Our struggle against debt domination is
waged in large part to win freedom from the conditions that indebted
governments are blackmailed into accepting. For the September 2006 actions we
demand:
a. In this 50th anniversary year of the International
Finance Corporation (IFC), the IFIs end
the promotion of privatization of public services and the use of public
resources to support private profits.
The IMF and especially the World Bank
have been the main drivers in the global push for the privatization of basic
services. They are joined by other financial institutions like regional
development banks and export credit agencies.

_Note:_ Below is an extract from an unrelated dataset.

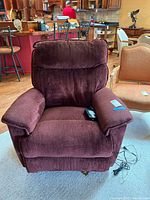 Front view of burgundy La-Z-Boy power recliner chair with remote on seat, showing plush padded arms and backrest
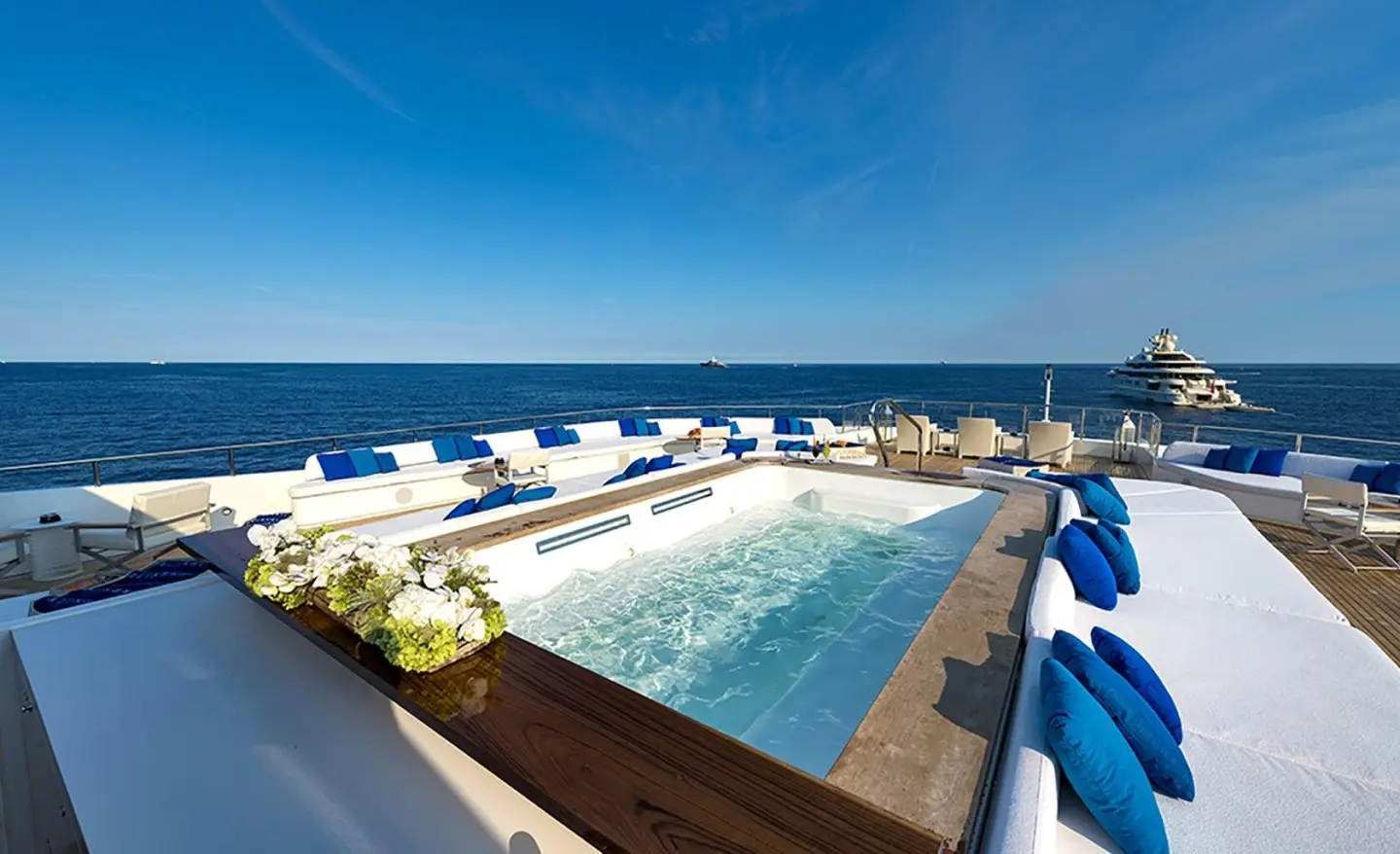 Marquise yacht deck overlooking a sunny pool and blue sea in Marseille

The international financial institutions
promote privatization of public services through policy conditions and policy
advice, financing of projects that pave the way for privatization, providing
technical assistance in the preparation of feasibility studies as well as the
process of implementation, and even direct support for private companies taking
over public utilities. The International
Finance Corporation plays a major role in providing risk guarantees as well as
equity assistance for these private companies, and facilitating government
bail-outs of privatized utilities in distress.
The continued emphasis on privatizing
basic services such as water provision – or, when no company is interested in
purchasing the utility, arranging leases and service contracts – and the
“commercialization” of even life-saving agencies such as those managing food
reserves reflects a fixation on markets as the only organizing principle for
economies even in the face of overwhelming contradictory evidence. Failure after failure of water privatizations
in the South has not deterred the IFIs from their mission to wrest assets from
public ownership.
Our message to the IFC and its multilateral
partners is clear: no more public resources for support of private profit.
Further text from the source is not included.